Ex-Barca president says he should have made “generation change” to the squad after 2019 CL defeat to Liverpool

Former Barcelona president Josep Maria Bartomeu says he should have made a “generation change” to the squad after their infamous Champions League semi-final defeat to Liverpool in 2019.

Barcelona were drawn against the Reds in the last four stage of that season’s competition, with the first leg to be played at the Nou Camp.

They secured a 3-0 victory thanks to a double from Lionel Messi, after ex-Liverpool striker Luis Suarez had opened the scoring.

However, Ernesto Valverde’s side were blown away in the return leg at Anfield. Divock Origi and Georginio Wijnaldum both scored twice as Barca were dumped out of the competition.

The inquest into the defeat was expected to be brutal. But the supposed rebuild never quite happened. Los Cules sold a number of players the following summer – none of whom were considered genuine first team stalwarts. They did, however, bring in Frenkie de Jong and Antoine Griezmann, and spent a total of around €250 million.

But Bartomeu has claimed this week that he could – and should – have made more changes to the squad.


Speaking in an interview with Spanish news outlet Esport3 (via A Bola), he said: “Not deciding, after the defeat with Liverpool, that it took a change [in the squad] was a mistake.”

“I should have made a generation change. I listened to the players and made the wrong decision.
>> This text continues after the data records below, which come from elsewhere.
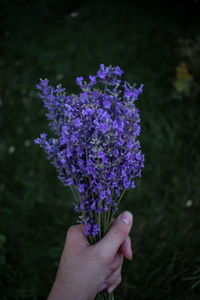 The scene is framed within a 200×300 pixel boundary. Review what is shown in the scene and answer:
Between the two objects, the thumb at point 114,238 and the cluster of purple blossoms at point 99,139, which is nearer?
the cluster of purple blossoms at point 99,139

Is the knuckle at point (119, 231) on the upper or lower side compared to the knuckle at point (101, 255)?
upper

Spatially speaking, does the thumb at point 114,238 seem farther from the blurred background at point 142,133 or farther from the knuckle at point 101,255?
the blurred background at point 142,133

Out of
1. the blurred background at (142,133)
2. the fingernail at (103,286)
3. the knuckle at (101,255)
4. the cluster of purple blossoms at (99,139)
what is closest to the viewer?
the cluster of purple blossoms at (99,139)

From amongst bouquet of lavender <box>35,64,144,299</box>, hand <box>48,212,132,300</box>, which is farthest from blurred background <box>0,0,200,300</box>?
bouquet of lavender <box>35,64,144,299</box>

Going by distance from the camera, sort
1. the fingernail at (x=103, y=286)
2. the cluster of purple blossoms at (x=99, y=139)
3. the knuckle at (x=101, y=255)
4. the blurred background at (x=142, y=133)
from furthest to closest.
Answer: the blurred background at (x=142, y=133) < the fingernail at (x=103, y=286) < the knuckle at (x=101, y=255) < the cluster of purple blossoms at (x=99, y=139)

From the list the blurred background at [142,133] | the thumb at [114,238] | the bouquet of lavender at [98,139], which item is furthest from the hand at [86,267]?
the blurred background at [142,133]

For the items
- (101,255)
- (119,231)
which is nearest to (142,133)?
(119,231)

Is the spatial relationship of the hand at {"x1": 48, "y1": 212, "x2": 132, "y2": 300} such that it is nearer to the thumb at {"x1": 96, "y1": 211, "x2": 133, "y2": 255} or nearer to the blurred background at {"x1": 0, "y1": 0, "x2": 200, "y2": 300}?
the thumb at {"x1": 96, "y1": 211, "x2": 133, "y2": 255}

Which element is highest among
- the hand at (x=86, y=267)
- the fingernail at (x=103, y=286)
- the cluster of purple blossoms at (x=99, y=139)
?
the cluster of purple blossoms at (x=99, y=139)

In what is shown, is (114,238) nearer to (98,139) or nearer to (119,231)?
(119,231) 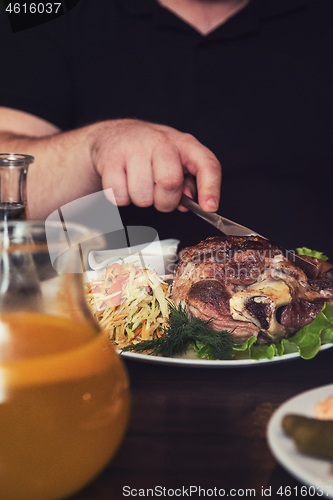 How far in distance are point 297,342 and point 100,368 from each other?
48 centimetres

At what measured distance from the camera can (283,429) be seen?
30 centimetres

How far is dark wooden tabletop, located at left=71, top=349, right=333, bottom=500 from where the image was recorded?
0.97ft

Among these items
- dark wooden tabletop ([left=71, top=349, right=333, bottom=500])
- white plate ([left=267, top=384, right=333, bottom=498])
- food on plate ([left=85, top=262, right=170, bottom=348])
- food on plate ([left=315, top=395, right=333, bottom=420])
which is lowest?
food on plate ([left=85, top=262, right=170, bottom=348])

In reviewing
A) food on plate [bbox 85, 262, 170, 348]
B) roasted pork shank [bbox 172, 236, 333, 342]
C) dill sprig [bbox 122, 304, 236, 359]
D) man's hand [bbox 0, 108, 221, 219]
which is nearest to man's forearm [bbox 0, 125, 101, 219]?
man's hand [bbox 0, 108, 221, 219]

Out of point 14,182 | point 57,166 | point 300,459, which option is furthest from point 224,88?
point 300,459

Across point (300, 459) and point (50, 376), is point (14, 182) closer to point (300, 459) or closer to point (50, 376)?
point (50, 376)

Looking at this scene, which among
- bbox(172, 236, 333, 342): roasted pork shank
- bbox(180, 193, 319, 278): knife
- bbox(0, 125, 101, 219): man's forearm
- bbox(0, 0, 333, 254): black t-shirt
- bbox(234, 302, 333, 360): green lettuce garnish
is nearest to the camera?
bbox(234, 302, 333, 360): green lettuce garnish

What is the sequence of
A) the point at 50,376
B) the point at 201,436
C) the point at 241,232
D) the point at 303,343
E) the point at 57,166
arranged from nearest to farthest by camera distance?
1. the point at 50,376
2. the point at 201,436
3. the point at 303,343
4. the point at 241,232
5. the point at 57,166

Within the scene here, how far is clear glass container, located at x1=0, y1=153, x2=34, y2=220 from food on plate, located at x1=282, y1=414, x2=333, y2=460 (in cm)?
25

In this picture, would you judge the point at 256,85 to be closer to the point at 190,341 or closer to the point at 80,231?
the point at 190,341

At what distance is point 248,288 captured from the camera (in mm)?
789

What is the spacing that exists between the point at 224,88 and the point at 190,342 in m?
1.30

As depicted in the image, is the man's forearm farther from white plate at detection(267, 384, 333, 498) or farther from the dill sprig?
white plate at detection(267, 384, 333, 498)

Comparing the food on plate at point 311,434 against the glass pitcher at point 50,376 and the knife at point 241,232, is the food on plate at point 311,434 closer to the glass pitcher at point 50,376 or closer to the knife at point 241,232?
the glass pitcher at point 50,376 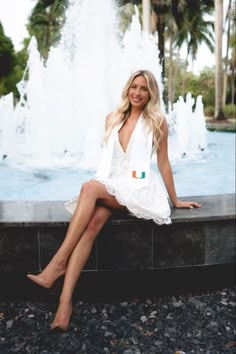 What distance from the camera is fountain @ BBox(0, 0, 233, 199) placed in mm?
8781

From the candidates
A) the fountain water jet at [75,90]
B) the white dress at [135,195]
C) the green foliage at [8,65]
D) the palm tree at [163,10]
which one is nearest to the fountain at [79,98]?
the fountain water jet at [75,90]

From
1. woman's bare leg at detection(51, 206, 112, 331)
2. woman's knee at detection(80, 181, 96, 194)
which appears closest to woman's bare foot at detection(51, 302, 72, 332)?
woman's bare leg at detection(51, 206, 112, 331)

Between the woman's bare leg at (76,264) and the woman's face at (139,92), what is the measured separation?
0.78 meters

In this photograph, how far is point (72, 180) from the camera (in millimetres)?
6254

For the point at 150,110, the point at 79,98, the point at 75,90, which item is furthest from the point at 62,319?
the point at 75,90

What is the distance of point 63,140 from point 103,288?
6246mm

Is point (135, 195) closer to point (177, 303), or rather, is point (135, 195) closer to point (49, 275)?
point (49, 275)

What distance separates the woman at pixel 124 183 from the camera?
2.62 m

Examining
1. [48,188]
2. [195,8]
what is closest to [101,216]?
[48,188]

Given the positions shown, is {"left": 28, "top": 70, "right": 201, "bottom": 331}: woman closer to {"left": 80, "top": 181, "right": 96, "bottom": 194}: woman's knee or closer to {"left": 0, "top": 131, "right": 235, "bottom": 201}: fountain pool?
{"left": 80, "top": 181, "right": 96, "bottom": 194}: woman's knee

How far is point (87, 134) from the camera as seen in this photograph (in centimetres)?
878

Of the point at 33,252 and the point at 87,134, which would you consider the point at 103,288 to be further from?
the point at 87,134

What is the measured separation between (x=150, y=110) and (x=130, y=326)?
143 cm

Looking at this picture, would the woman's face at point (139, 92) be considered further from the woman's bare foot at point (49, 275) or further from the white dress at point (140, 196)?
the woman's bare foot at point (49, 275)
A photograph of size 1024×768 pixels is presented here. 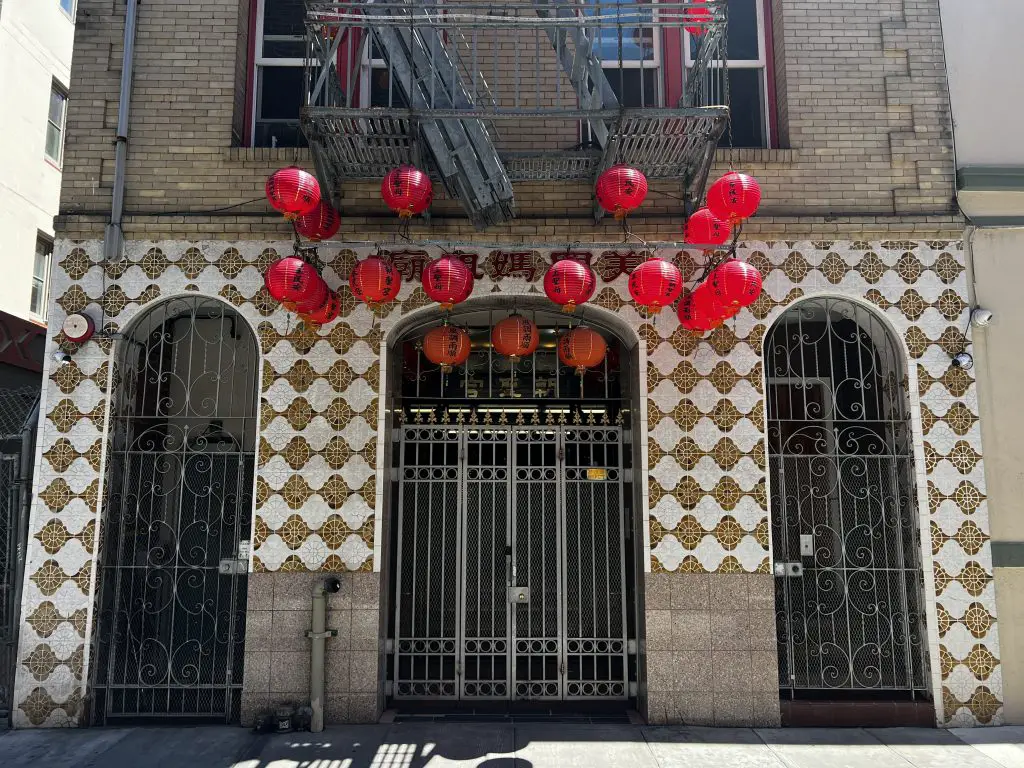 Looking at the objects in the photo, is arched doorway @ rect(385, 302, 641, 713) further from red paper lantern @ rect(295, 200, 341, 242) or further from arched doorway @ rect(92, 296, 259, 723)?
arched doorway @ rect(92, 296, 259, 723)

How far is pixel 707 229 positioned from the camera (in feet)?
23.5

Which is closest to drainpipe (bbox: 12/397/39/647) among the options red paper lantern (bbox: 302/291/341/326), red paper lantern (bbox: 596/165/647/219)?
red paper lantern (bbox: 302/291/341/326)

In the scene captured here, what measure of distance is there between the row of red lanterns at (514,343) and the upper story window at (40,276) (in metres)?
10.4

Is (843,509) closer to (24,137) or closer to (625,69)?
(625,69)

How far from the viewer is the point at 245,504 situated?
7.80 meters

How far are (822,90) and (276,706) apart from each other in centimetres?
854

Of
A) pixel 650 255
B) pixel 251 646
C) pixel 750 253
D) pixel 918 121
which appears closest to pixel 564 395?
pixel 650 255

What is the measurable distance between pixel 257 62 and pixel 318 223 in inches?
107

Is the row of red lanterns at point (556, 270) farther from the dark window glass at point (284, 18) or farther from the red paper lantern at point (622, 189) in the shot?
the dark window glass at point (284, 18)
We were on the edge economically and the pandemic took us all by surprise.”

On the signings he brought into Barcelona during his tenure as president – which ended in October 2020 when he resigned from his post – Bartomeu explained: “Some did not meet expectations. Players who cost a lot of money. But these are things that happen in football.”


“It was hiring that everyone applauded. We bought Philippe Coutinho for Iniesta, who was leaving. He was the best player in the Premier League at the time. [Ousmane] Dembele has arrived for Neymar’s place…According to the experts, the chances of getting it right and wrong are 50 percent.”